> **About this task**
Find the word "Wooden" in the listing. Copy out each line where it occurs.

> **Records supplied**
********************

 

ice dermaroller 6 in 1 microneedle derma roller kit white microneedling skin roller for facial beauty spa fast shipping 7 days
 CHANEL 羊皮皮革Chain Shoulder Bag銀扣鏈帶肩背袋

********************

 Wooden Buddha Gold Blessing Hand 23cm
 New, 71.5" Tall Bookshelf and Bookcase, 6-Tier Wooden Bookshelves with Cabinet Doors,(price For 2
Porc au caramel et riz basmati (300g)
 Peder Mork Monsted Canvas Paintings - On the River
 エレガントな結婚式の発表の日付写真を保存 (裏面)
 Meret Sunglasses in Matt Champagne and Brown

********************

> **Worked solution**
 Wooden Buddha Gold Blessing Hand 23cm
 New, 71.5" Tall Bookshelf and Bookcase, 6-Tier Wooden Bookshelves with Cabinet Doors,(price For 2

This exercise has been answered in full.